Some studies have shown that the short-term complications of uterine artery embolization are mainly pain and fever. The long-term complications of uterine artery embolization are mainly related to the impact on ovarian function and fertility [29]. The short-term complications of embolization are related to ischemia, edema, necrosis, exudation of inflammatory substances and toxin absorption of embolized tissues, and are mostly related to the type and particle size of embolic agents. The smaller the particles, the larger the embolization range, and the more severe the postoperative short-term complications. In this study, the total post-induction hospitalization time in the control group was (5.767 ± 1.2977), and the total post-induction hospitalization time in the intervention group was (4.169 ± 0.5771), and the difference was statistically significant (P < 0.01). No obvious short-term complications were found in this study, and the total post-induction hospitalization time in the intervention group was less than that in the control group. However, this study has some limitations, such as small sample size, and maternal fever is still related to blood loss volume to some extent, which cannot explain whether it is a short-term complication caused by uterine artery embolization alone. Moreover, the occurrence of complications related to embolization is largely related to the operator's operation skills and clinical experience. Therefore, uterine artery embolization treatment requires close cooperation between interventional physicians and obstetricians and gynecologists. Not only does it require interventional physicians to constantly improve their operation skills and theoretical understanding, but also to be more accurate, effective, and minimize the error rate as much as possible. At the same time, it also requires obstetricians and gynecologists to strictly grasp the indications for uterine artery embolization, especially for women who have fertility needs. They must thoroughly analyze the condition, individualize treatment, weigh the pros and cons, prescribe according to symptoms, and prevent overtreatment.
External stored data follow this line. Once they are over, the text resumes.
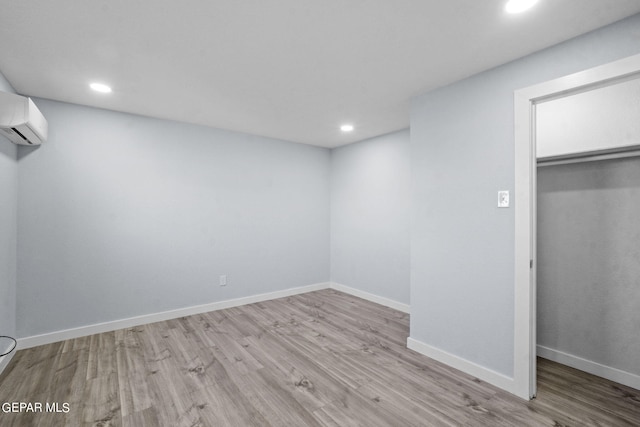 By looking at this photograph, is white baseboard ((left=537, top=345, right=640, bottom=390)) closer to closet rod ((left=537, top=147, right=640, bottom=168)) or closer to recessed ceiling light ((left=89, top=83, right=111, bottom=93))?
closet rod ((left=537, top=147, right=640, bottom=168))

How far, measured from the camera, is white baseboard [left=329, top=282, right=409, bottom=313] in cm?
406

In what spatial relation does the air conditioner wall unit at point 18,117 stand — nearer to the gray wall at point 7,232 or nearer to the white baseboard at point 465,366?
the gray wall at point 7,232

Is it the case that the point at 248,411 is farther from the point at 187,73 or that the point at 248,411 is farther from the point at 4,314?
the point at 187,73

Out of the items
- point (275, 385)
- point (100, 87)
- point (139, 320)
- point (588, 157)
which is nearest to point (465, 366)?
point (275, 385)

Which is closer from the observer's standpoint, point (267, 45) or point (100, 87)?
point (267, 45)

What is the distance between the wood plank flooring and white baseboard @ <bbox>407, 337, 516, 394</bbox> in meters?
0.07

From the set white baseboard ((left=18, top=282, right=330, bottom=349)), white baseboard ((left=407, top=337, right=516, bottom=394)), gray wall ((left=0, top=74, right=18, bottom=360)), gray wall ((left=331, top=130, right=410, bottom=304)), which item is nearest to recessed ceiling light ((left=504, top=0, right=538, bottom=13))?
gray wall ((left=331, top=130, right=410, bottom=304))

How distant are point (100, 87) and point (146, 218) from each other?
148 centimetres

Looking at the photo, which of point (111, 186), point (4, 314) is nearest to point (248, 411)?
point (4, 314)

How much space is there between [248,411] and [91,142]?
3.19 meters

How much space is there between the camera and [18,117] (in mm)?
2258

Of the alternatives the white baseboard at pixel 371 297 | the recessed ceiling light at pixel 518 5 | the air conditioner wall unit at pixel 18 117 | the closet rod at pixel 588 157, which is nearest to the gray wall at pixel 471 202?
the recessed ceiling light at pixel 518 5

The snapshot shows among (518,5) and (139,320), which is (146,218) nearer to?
(139,320)

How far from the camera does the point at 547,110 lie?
263 centimetres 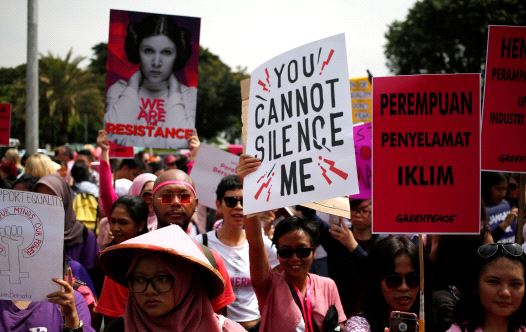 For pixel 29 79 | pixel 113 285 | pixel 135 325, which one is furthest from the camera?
pixel 29 79

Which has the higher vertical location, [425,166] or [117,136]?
[117,136]

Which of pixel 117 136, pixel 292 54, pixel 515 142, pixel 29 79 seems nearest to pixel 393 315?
pixel 292 54

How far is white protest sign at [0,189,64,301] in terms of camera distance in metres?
3.27

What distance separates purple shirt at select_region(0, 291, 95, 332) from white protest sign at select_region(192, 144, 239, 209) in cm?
354

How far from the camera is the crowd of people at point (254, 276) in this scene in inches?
Answer: 118

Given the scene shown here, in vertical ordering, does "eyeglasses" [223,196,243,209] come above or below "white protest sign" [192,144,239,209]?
below

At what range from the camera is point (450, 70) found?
46438 millimetres

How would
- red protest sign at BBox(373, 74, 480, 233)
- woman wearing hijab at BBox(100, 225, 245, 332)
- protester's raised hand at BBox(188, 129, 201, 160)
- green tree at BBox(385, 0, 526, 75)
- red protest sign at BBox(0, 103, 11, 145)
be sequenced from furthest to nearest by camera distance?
green tree at BBox(385, 0, 526, 75)
red protest sign at BBox(0, 103, 11, 145)
protester's raised hand at BBox(188, 129, 201, 160)
red protest sign at BBox(373, 74, 480, 233)
woman wearing hijab at BBox(100, 225, 245, 332)

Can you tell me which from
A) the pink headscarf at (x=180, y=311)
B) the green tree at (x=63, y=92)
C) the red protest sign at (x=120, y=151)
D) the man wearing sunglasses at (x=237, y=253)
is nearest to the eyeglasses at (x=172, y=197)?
the man wearing sunglasses at (x=237, y=253)

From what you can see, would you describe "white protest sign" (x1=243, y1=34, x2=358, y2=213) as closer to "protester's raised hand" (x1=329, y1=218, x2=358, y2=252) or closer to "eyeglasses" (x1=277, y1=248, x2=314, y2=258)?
"eyeglasses" (x1=277, y1=248, x2=314, y2=258)

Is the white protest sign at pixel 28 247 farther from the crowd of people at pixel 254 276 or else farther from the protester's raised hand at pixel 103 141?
the protester's raised hand at pixel 103 141

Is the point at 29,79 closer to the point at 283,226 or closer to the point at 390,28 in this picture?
the point at 283,226

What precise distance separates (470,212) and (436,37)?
45.7 metres

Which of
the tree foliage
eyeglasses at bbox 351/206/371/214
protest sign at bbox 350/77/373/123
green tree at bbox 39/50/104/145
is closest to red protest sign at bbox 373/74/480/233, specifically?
eyeglasses at bbox 351/206/371/214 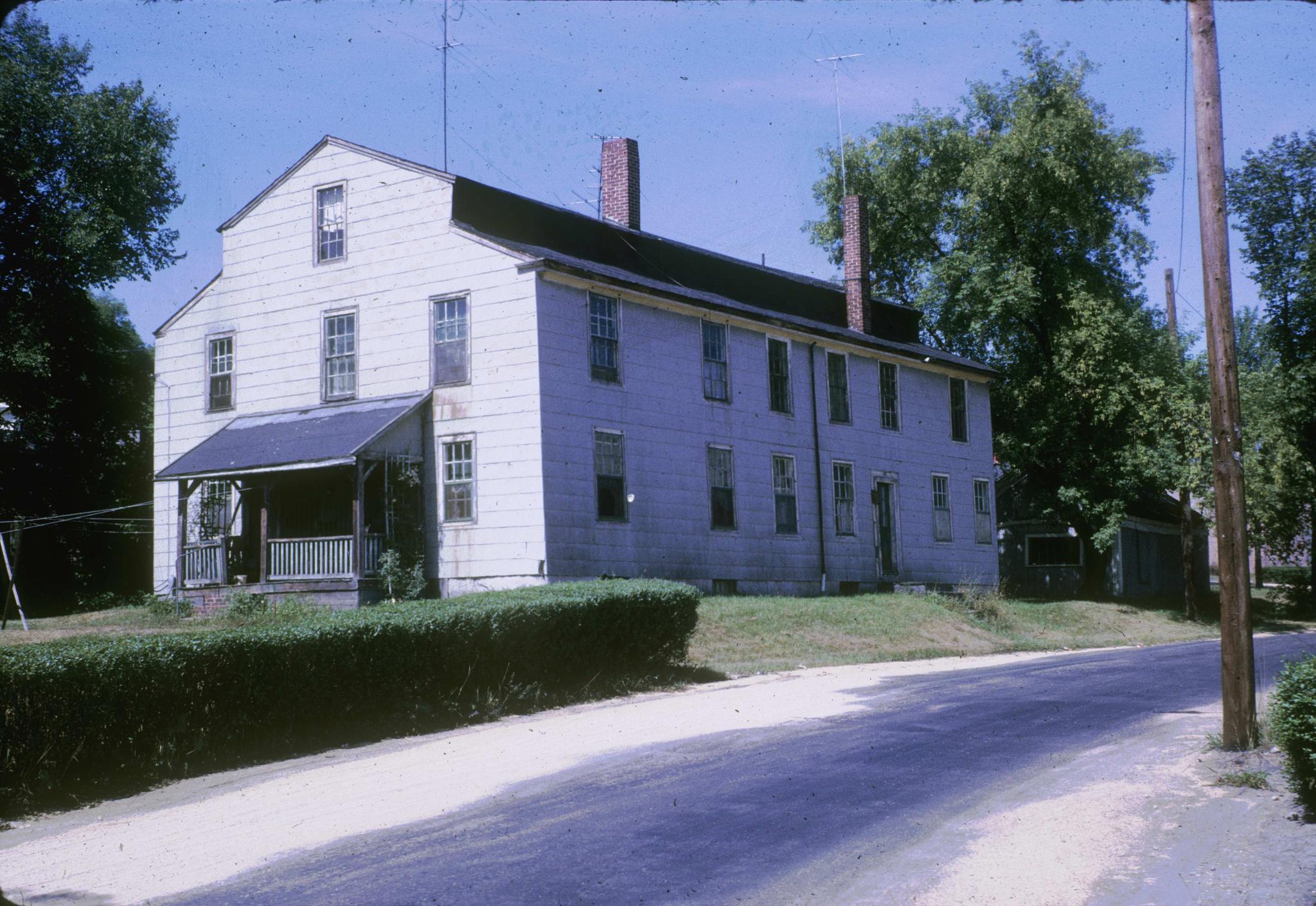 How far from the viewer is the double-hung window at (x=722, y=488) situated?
1068 inches

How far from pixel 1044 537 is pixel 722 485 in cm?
2217

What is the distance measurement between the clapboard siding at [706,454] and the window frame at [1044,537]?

Current studies have shown that using drug induction while using uterine artery embolization has become a new way of mid-term pregnancy induction of labor. It can block uterine blood supply while inducing labor, reduce uterine bleeding, effectively prevent massive hemorrhage, and play an important role in improving induction success rate, reducing cesarean section and hysterectomy risk. The results of this study show that both drug group and uterine artery embolization combined with drug observation group have higher total induction effectiveness than control group using drug induction alone. The induction process time, induction bleeding volume during induction and after induction, postoperative hospitalization days were all lower than those in control group ,and induction conversion cesarean section incidence rate were all lower than those in control group. This result is consistent with many domestic literature reports. It shows that adding uterine artery embolization can effectively reduce bleeding during placenta previa induction process, improve induction success rate, reduce cesarean section risk, confirm uterine artery embolization for mid-term pregnancy induction effectiveness and feasibility.